Dans ce sens, hier, la présence exclusive de représentants juifs et musulmans à l'Elysée ne consacre t-elle pas ce communautarisme quand la présence de TOUS les courants de pensée philosophiques ou religieux (chrétiens et non croyants) eût été indispensable?
4°) L’Ecole prise en otage.
Il devient extrêmement lassant que les desiderata ou lubies d’un responsable politique –fût-il Président de la République- s’imposent à une institution comme l’Education Nationale en évidente contravention avec sa mission.
Comme pour la lecture de la lettre de Guy MÔQUET, on a contraint à une minute de silence: une manière de mobiliser notre jeunesse dans le courant de l’émotion cathartique générale. Or, justement, la fonction d’éducation est de développer l’usage de la raison, de porter au sens critique, de faire œuvre d’histoire et non de mémoire.
Un enseignant n’a pas à «affectiser», il est là au contraire pour donner du sens, pour promouvoir l'observation, l'analyse des causes et des conséquences, en mettant justement l'émotion à distance.
Il faut croire notre petit Nicolas bien frustré de n’avoir pas été capable de devenir enseignant. On sent chez lui toute la rancune accumulée contre une institution qui n’a jamais reconnu ses médiocres mérites scolaires ou universitaires. Après avoir voulu inféoder les instituteurs aux prêtres ou aux pasteurs, ne voilà t-il pas qu’il se préoccupe de faire le job par lui même en intervenant lamentablement dans un collège, sur un registre désastreux, celui de la peur.
Décidément!
5°) Un «pourquoi» absent
Pourquoi, par quelles causes et quels ressorts, un jeune homme peut-il être conduit à de si épouvantables extrémités? Comment des valeurs extrêmes peuvent-elles à ce point supplanter les valeurs de la République?
Un détail a attiré mon attention.
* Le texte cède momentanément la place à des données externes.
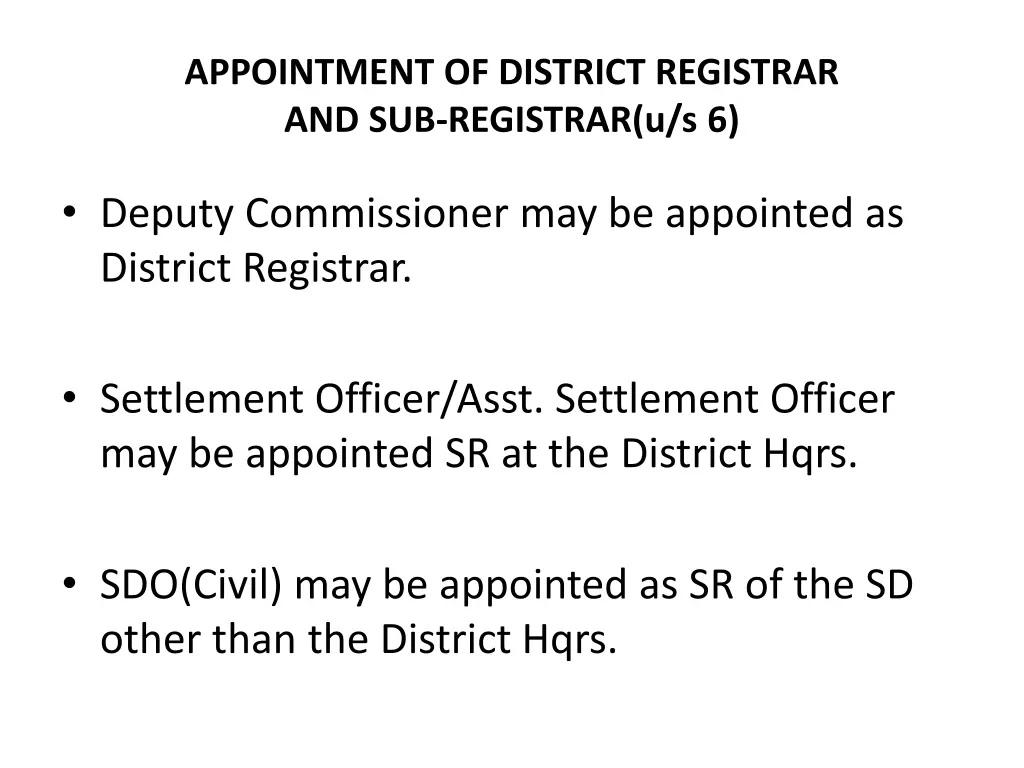 appointment of district registrar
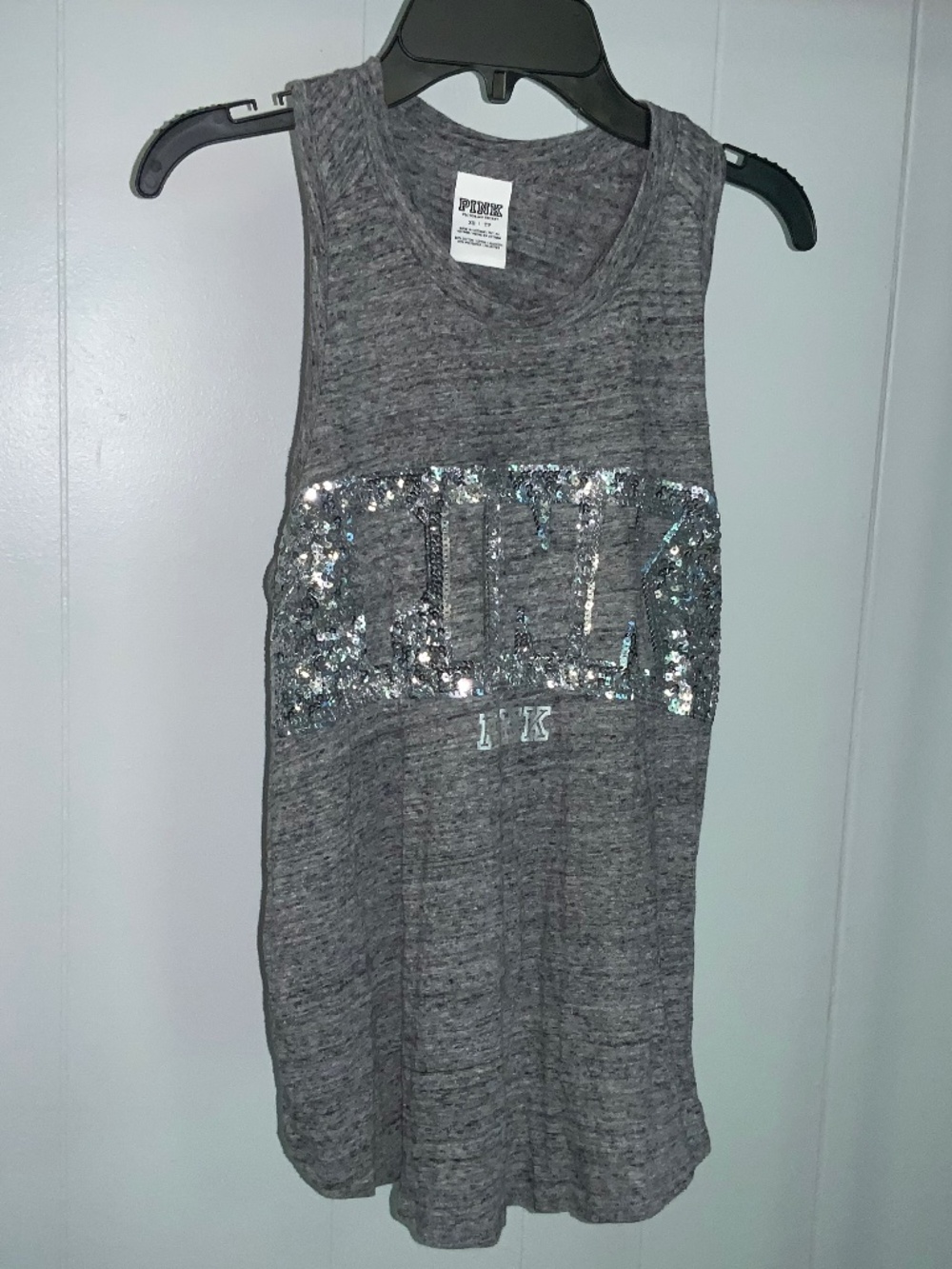 Victoria’s Secret Pink gray tank top Sz XS sequin graphic curved back hem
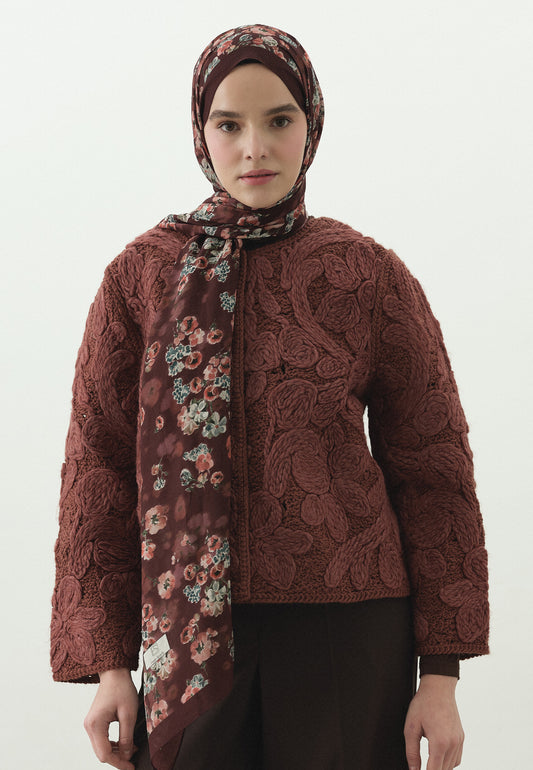 Bordo Secret Pearl Desenli Pamuk Viskon Şal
A plusieurs reprises Mohamed MEHRA avait postulé pour intégrer l’armée puis la Légion Etrangère. Pour des raisons de casier judiciaire chargé, sa candidature n’a pas été retenue. Qu'en aurait-il été si cette voie lui était demeurée ouverte?
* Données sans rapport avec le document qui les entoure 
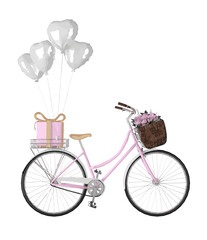 Pink vintage bicycle with flowers in basket and balloons heart shape.Design for elements decoration.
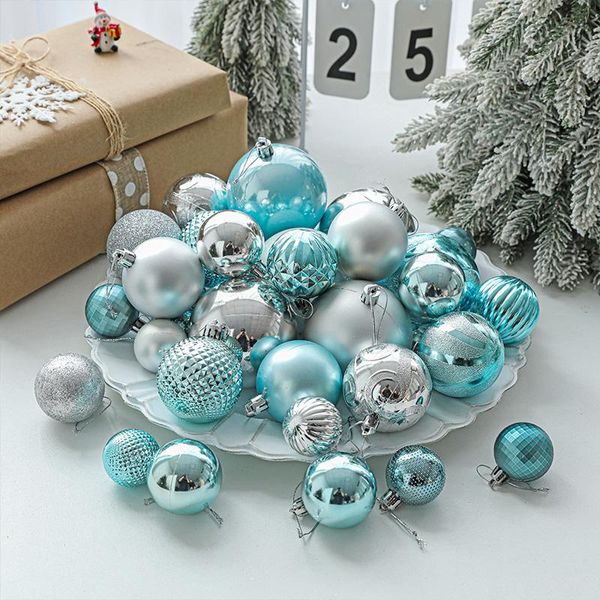 Adornos navideños Decoración de bolas Colgante Caja de pintura de color azul claro alto 34 Juegos Decoración de árboles Navidad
Ce rejet objectif qui se conjugue au ressenti d’exclusion de beaucoup de jeunes beurs doit nous questionner.
«J’ai la haine» constitue le refrain ressassé de nombre de mômes des banlieues.
Cette haine, cette violence portées en soi, quelles qu’en soient les origines et la légitimité réelle ou supposée sont bien présentes. Ce sont des réalités qui ne trouvent ni solutions, ni exutoires satisfaisants.
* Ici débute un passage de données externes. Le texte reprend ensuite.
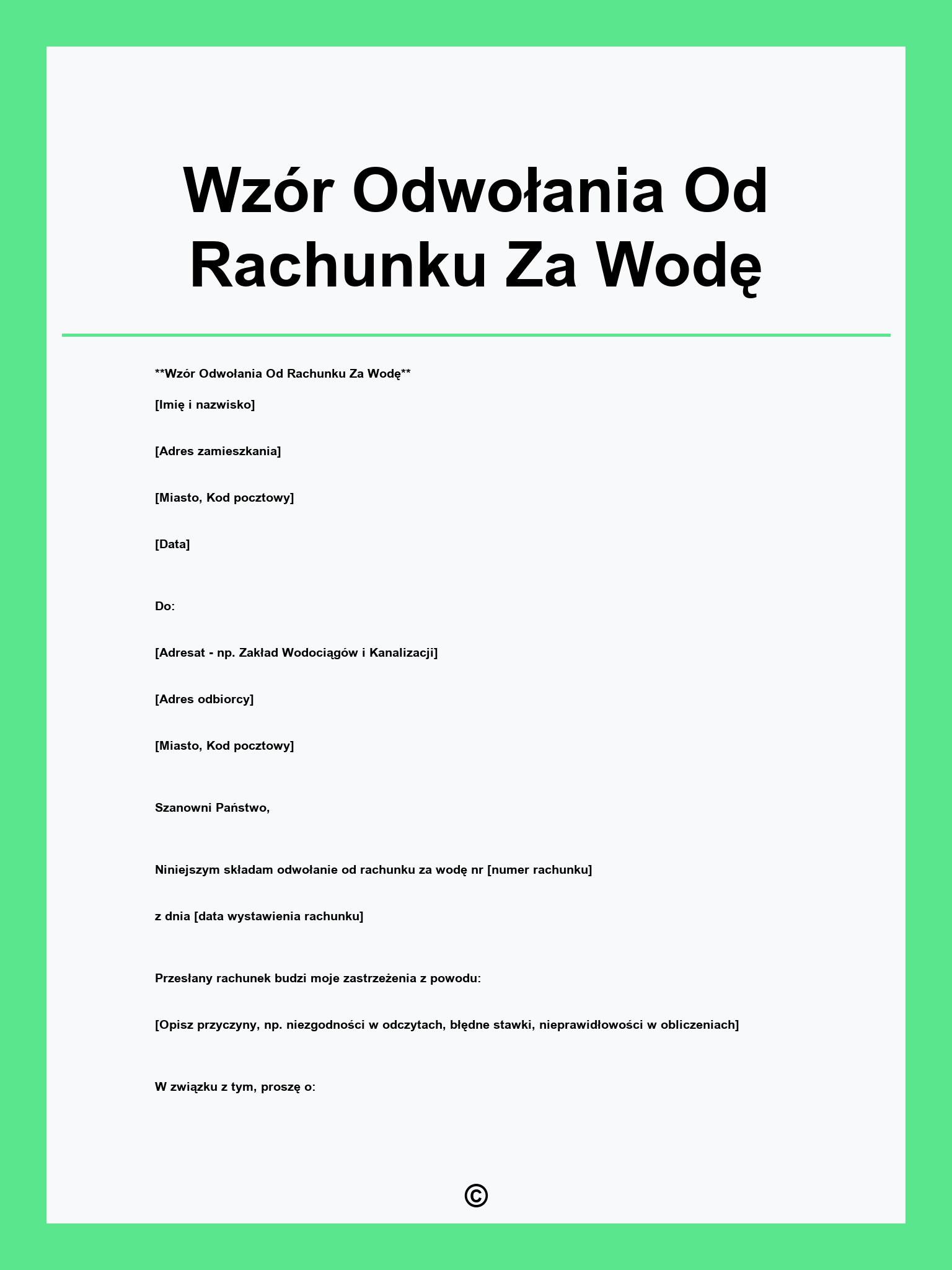 Wzór Odwołania Od Rachunku Za Wodę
Au début du XXème siècle, les «mauvais garçons», les Pierre GILIETH/Jean GABIN de «La Bandera» trouvaient dans la Légion ou les «Bats d’Af» un exutoire à leur nature violente ou à leur révolte.
Ces réponses là, aussi critiquables ou sommaires qu'elles puissent paraître n’existent plus dans une société policée qui postule l’a priori idéologique d’une négation de la violence.
Et c’est peut-être là que réside le nœud de l’énigme, de l’interjection obscène jetée par Mohamed MEHRA par ses actes apparemment insensés.
N’est-ce pas l’irruption inévitable d’une violence et d’une sauvagerie que notre société ne veut plus voir, mais qui n’en demeure pas moins omniprésente et irréductible? Apparemment et généralement domptée, mais qui n’attend qu’un prétexte, qu’une faille, que la rupture du maillon faible de la chaîne sociale pour fendre le vernis et s’exprimer dans toute sa scandaleuse crudité.
Cette même barbarie qui conduisit de braves pères de familles allemands à s’impliquer dans les Einsatzgruppen de la «Shoah par balles» ou de gentils pioupious franchouillards à torturer ou à cautionner la gégène en fermant les yeux pendant la Guerre d’Algérie, il n’y a que 50 ans.
Mohamed MEHRA ne serait-il pas la face émergée d’un iceberg dont nous ne voulons pas avoir à connaître?
C’est toute la question que je pose en ne voulant pas me satisfaire de réponses confortables ou simplistes.
C’est également toute la question posée par la corrida, mode culturel et rituel de gestion et de sublimation de la violence sociale.
Quand donc sortirons nous d'un consensus compassionnel qui nous transforme en autruches et obère notre capacité à penser?